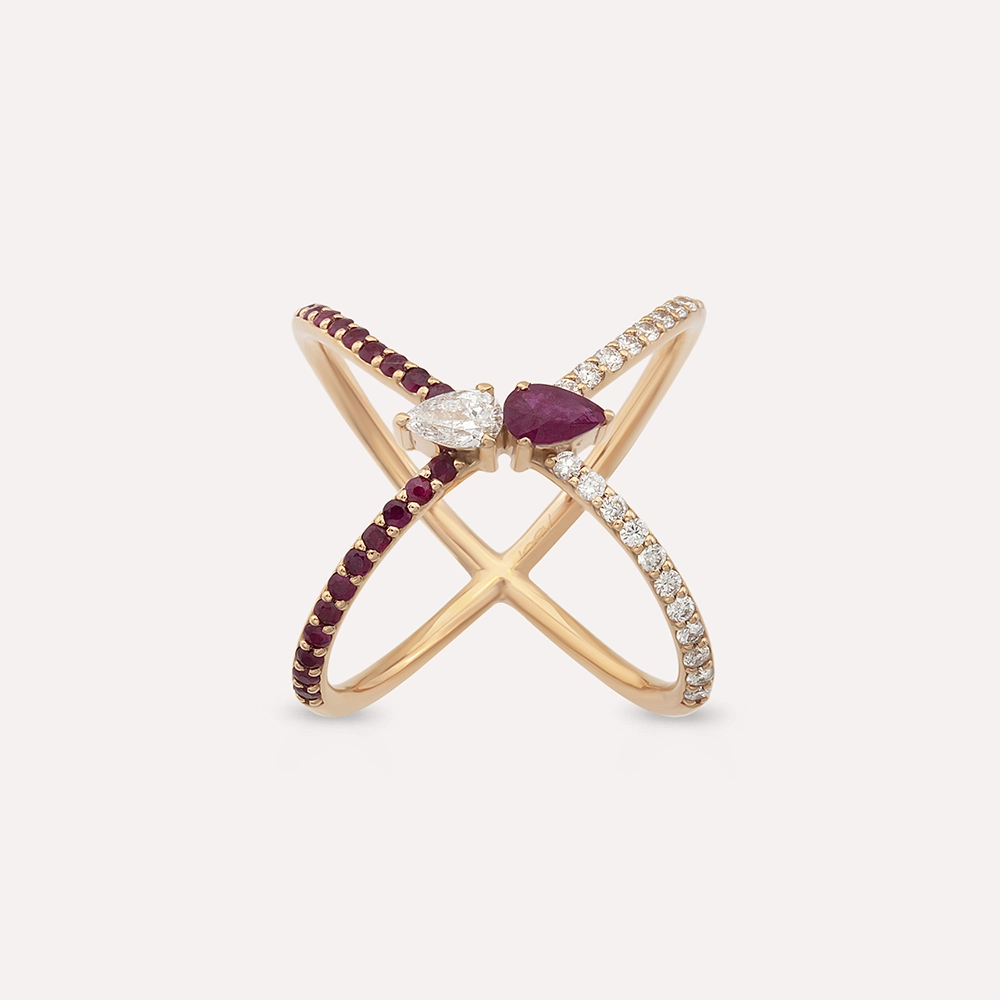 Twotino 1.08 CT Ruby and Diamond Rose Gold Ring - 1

--

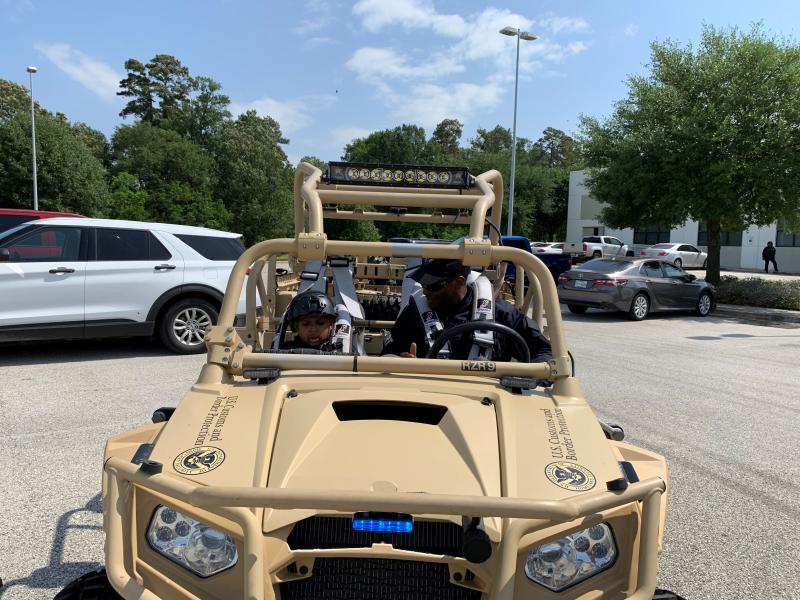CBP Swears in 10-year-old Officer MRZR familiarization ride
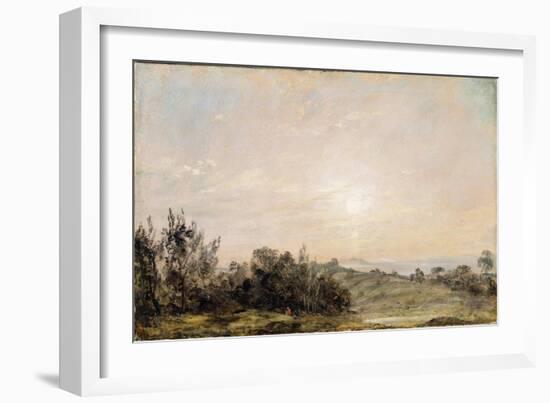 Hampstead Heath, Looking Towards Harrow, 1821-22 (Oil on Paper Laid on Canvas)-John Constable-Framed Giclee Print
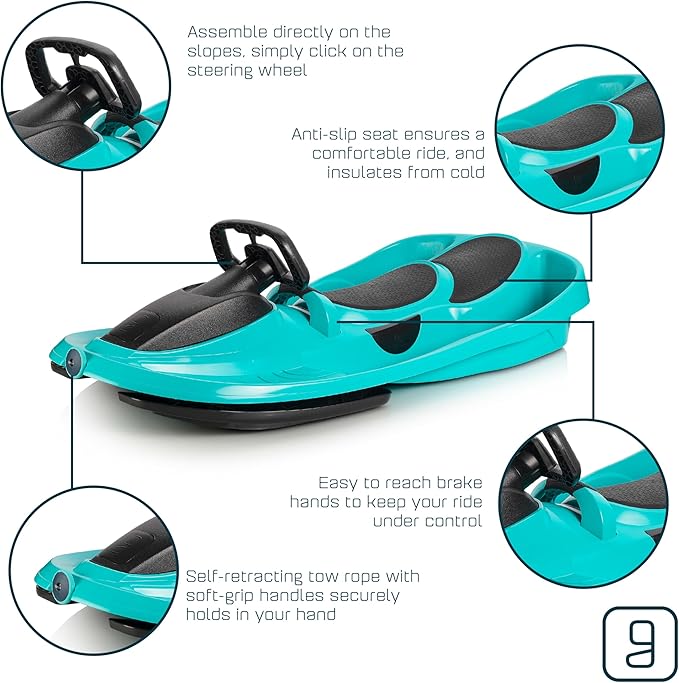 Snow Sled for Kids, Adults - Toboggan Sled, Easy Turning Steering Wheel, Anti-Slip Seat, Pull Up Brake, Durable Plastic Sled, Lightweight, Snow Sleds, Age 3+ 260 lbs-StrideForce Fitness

Requirement | Starting at the line above that has "Hampstead Heath, Looking" and ending at the line that has "Snow Sled for", copy each line exactly, leaving the pictures out and adding nothing.

Solution to this task |
 Hampstead Heath, Looking Towards Harrow, 1821-22 (Oil on Paper Laid on Canvas)-John Constable-Framed Giclee Print
 Snow Sled for Kids, Adults - Toboggan Sled, Easy Turning Steering Wheel, Anti-Slip Seat, Pull Up Brake, Durable Plastic Sled, Lightweight, Snow Sleds, Age 3+ 260 lbs-StrideForce Fitness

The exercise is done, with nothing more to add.